I don’t know whether to quote this as an excellent example of sophistry or as an example of lying with numbers. In his retrospective on Nancy Pelosi’s career in office Matt Yglesias says:
When she became the #2 figure in the leadership hierarchy in 2002, she was the progressive voice in the councils of leadership. Prior to assuming that role, she was the top Democrat on the Intelligence Committee, which made her one of the most prominent congressional Democrats to buck the Bush administration on the invasion of Iraq.
By the numbers, most Democrats in Congress voted “no” on the war.
By the numbers the majority of Senate Democrats voted “aye” on the war. 29 of 50 Democratic senators voted to support the war. The final vote was 77 to 23. Only by combining House votes with Senate votes, a meaningless number, can Matt get to his numbers.
I opposed going to war against Iraq. It was clearly a sideshow, a distraction, in the War on Terror. And I did not find the weapons of mass destruction argument convincing.







In the context of writing about Pelosi, who served her career in the House and where she held several leadership positions including Speaker, seems like the House votes as a metric of overall support for the war would matter. He notes that Pelosi (correctly) opposed the war and seems likely her opinion was more influential in the House.
House of Representatives: The resolution passed 296 to 133.
81 Democrats (about 39%) voted in favor.
126 Democrats (about 60%) voted against.
Senate: The resolution passed 77 to 23.
29 Democrats (58%) voted in favor.
21 Democrats (42%) voted against.
As I recall, both the House and the Senate had to vote to support the war. Am I misremembering?
Steve
You’re changing the subject. The subject is did the majority of Senate Democrats vote in favor of the war? They did. Does it make sense to combine Senate votes with House votes? It does not. That the House Democrats voted 2:1 against didn’t make any difference.
MY could have written just what you did—that Nancy Pelosi’s career was in the House and a supermajority of House Democrats voted against the war. He did not. Instead he gave a nonsense figure.
We’ll never know what the the results would have been if the Democrats had controlled both the House and the Senate in 2002. They might have voted the Iraq War down. They might not. Note that being confident that a measure will pass regardless of your opposition is empowering. You can give a symbolic vote without being blamed for it.
I just reread it. He says Congress, not Senate or House of Representatives. Dictionary says…
“a national legislative body, especially that of the US. The US Congress, which meets at the Capitol in Washington, D.C., was established by the Constitution of 1787 and is composed of the Senate and the House of Representatives.”
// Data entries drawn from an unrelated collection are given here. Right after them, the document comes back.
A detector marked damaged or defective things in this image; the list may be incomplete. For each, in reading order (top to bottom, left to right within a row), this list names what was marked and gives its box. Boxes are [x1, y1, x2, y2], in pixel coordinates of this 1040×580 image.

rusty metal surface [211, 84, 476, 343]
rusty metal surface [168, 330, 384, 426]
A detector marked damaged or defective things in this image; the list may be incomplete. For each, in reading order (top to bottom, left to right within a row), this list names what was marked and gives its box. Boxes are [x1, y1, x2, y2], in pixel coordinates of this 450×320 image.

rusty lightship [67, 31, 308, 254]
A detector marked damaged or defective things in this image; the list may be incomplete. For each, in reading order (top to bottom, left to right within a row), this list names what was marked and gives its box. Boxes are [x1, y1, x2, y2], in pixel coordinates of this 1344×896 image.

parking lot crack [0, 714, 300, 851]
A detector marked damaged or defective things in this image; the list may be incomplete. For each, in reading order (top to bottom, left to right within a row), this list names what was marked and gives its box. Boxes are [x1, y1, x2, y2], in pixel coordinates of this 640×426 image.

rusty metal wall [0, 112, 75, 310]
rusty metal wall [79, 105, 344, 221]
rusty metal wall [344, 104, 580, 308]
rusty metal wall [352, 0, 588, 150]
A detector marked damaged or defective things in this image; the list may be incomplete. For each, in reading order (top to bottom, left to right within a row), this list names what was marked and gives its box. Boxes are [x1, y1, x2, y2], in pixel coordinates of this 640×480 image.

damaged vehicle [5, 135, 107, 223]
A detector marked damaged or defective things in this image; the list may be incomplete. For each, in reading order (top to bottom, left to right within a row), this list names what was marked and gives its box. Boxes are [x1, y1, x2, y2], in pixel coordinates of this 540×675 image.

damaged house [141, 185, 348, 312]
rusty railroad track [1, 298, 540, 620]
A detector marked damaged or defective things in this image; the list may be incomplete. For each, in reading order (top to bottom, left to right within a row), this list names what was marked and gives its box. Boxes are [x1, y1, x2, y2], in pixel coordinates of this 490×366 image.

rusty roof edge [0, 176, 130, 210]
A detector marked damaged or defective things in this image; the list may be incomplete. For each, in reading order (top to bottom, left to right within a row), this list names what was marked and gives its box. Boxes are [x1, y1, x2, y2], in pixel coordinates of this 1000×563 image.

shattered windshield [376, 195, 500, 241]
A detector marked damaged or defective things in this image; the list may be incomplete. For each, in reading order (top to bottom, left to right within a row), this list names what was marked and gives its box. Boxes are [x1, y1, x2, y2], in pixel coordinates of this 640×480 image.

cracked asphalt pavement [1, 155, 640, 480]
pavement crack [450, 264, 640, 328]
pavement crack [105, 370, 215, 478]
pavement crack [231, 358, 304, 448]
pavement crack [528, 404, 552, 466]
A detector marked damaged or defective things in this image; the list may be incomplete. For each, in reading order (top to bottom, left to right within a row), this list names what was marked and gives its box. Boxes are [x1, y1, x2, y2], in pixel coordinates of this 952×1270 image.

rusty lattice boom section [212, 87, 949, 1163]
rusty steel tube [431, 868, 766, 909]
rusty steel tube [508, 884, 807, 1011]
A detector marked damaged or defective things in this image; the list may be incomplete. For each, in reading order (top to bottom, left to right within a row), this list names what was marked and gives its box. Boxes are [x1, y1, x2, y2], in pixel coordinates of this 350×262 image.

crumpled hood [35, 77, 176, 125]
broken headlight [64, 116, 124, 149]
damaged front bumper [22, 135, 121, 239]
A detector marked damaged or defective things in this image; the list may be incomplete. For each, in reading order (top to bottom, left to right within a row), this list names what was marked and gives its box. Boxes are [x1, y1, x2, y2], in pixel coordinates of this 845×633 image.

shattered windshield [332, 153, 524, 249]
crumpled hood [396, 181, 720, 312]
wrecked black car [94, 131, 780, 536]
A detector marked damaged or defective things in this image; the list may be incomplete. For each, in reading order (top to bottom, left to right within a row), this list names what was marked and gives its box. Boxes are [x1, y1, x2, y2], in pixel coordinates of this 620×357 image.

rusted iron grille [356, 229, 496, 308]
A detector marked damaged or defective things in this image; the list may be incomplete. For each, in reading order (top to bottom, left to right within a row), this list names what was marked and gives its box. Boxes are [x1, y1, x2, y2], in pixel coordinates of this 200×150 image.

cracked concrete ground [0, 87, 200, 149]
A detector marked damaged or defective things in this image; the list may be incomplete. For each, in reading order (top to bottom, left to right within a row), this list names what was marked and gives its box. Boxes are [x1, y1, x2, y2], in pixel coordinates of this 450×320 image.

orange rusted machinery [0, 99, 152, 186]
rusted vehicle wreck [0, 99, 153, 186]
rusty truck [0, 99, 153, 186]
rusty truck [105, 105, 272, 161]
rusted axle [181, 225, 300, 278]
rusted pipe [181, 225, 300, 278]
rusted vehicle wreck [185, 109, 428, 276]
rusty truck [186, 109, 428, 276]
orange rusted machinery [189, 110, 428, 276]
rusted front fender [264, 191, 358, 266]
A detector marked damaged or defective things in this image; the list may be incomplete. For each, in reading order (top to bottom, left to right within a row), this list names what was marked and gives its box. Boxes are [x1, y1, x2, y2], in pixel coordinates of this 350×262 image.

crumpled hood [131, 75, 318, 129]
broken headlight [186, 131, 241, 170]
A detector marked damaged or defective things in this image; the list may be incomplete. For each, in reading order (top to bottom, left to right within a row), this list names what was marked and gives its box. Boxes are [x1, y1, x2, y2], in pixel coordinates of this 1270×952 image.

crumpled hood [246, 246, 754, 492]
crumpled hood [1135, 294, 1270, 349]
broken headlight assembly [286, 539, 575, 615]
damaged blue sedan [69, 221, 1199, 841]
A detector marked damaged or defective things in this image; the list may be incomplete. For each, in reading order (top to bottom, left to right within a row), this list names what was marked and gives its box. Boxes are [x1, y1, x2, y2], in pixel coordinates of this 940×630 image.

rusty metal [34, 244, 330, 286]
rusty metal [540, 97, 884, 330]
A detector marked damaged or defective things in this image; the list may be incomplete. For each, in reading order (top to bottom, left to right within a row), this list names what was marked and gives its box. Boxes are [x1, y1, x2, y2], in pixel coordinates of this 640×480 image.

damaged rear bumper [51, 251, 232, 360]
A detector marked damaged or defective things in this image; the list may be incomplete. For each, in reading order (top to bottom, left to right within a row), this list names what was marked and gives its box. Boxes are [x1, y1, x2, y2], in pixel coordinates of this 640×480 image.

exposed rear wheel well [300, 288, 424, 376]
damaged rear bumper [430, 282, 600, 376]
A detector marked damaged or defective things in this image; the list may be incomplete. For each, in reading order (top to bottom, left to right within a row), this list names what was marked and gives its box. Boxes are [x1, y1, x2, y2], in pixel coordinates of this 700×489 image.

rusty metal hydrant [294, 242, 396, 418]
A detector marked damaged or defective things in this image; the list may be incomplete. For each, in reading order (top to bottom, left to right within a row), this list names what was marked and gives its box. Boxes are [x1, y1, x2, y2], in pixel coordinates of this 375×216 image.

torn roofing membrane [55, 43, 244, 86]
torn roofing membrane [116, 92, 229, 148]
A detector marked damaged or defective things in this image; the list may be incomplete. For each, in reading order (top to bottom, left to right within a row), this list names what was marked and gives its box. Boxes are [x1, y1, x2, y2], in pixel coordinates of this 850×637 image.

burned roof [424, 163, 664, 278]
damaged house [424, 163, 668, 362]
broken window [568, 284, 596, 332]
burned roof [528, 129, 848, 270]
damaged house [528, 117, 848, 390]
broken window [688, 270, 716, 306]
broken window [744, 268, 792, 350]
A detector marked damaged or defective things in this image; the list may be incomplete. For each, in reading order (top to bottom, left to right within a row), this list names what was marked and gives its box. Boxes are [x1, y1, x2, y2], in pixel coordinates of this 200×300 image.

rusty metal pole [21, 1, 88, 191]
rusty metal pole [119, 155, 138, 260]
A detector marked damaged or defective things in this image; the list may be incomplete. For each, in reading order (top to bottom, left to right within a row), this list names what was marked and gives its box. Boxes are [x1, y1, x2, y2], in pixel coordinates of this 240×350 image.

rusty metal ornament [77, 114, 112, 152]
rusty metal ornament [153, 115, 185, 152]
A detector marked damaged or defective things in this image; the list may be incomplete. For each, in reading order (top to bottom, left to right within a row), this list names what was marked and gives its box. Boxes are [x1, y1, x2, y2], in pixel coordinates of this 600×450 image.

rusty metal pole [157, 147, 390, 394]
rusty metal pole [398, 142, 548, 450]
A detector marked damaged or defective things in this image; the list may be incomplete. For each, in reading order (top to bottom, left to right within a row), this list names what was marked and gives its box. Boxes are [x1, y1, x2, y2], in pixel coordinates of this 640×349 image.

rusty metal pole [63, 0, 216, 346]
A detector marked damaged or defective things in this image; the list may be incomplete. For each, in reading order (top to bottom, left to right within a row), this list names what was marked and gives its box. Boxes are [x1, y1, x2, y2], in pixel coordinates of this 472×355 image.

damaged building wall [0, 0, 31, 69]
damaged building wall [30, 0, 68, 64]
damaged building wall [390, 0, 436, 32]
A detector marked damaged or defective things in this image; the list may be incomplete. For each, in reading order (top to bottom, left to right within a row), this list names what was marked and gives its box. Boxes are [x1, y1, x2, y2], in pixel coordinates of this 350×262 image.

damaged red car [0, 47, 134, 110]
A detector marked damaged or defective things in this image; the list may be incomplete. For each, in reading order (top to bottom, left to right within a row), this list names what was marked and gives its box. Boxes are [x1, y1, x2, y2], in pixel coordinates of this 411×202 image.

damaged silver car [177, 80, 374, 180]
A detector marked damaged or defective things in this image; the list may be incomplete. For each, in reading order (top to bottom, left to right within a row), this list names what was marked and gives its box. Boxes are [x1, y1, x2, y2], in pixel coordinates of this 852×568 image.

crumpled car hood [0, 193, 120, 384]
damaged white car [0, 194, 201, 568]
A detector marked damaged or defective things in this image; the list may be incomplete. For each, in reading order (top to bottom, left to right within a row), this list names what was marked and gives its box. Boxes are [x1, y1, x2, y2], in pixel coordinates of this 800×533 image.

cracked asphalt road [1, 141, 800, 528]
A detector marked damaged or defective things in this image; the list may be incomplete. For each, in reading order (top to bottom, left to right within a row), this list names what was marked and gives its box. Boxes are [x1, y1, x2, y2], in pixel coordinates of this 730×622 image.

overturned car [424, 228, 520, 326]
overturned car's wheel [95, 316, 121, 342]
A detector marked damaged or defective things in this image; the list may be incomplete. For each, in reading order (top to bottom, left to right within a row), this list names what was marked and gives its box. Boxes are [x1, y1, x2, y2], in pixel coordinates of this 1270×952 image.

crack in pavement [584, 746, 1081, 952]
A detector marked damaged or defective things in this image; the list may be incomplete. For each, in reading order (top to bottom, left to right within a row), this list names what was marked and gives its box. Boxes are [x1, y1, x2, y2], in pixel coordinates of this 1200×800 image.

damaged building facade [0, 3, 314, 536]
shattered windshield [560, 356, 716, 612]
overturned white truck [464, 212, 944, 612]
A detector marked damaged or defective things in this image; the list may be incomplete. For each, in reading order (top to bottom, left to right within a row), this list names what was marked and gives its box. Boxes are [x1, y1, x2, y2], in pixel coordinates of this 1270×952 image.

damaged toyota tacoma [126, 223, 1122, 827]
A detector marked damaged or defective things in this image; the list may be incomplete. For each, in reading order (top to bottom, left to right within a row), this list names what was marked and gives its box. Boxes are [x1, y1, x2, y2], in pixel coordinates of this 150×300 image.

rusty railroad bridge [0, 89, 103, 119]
You appear to be the one who wants to make the subject the Senate which in the context of Pelosi makes little sense to me.
Steve
Apples and oranges. Adding votes in the Senate to votes in the House is a meaningless statistic due to the differences between the two chambers of our national legislature.
And, yes, I have my own blog. I post what I want to post about on my blog just as MY does on his. That means I’m allowed to point out that adding votes in the Senate to votes in the House means nothing.
You are allowed to think whatever you care to but that doesn’t mean it makes any sense. You can add parsecs to inches but that doesn’t mean that the resulting number means anything.